▸ RECORDED DATA:
+--

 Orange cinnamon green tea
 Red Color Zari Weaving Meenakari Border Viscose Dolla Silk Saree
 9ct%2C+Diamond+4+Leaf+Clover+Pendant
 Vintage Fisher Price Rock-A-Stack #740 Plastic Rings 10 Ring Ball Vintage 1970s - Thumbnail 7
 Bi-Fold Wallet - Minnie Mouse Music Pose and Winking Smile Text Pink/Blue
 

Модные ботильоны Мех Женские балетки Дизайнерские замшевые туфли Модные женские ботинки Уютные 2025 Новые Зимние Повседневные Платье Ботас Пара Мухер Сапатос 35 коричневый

+--

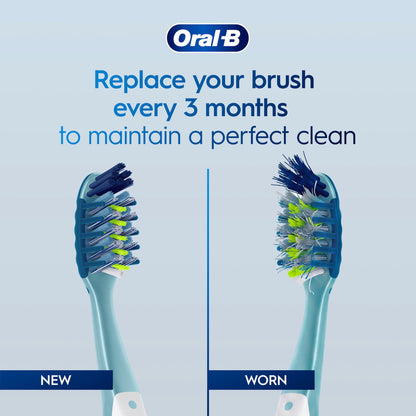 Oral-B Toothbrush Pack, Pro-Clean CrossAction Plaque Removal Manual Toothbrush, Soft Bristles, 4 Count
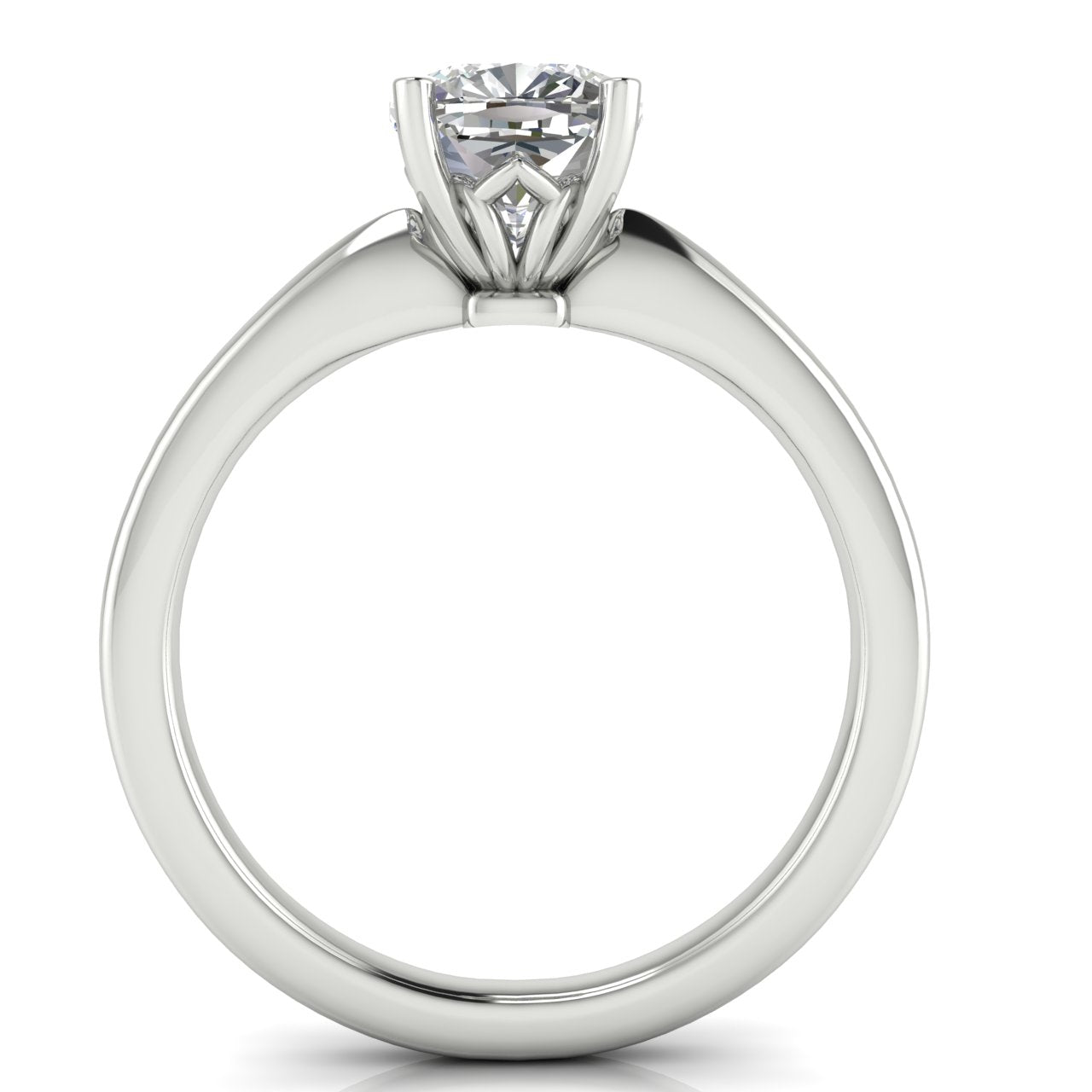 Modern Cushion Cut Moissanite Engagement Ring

+--

▸ YOUR INSTRUCTIONS: Given the records above, reproduce precisely and only the lines between the line holding "Red Color Zari" and the line holding "Модные ботильоны Мех", inclusive.

▸ WRITTEN SOLUTION:
 Red Color Zari Weaving Meenakari Border Viscose Dolla Silk Saree
 9ct%2C+Diamond+4+Leaf+Clover+Pendant
 Vintage Fisher Price Rock-A-Stack #740 Plastic Rings 10 Ring Ball Vintage 1970s - Thumbnail 7
 Bi-Fold Wallet - Minnie Mouse Music Pose and Winking Smile Text Pink/Blue
 

Модные ботильоны Мех Женские балетки Дизайнерские замшевые туфли Модные женские ботинки Уютные 2025 Новые Зимние Повседневные Платье Ботас Пара Мухер Сапатос 35 коричневый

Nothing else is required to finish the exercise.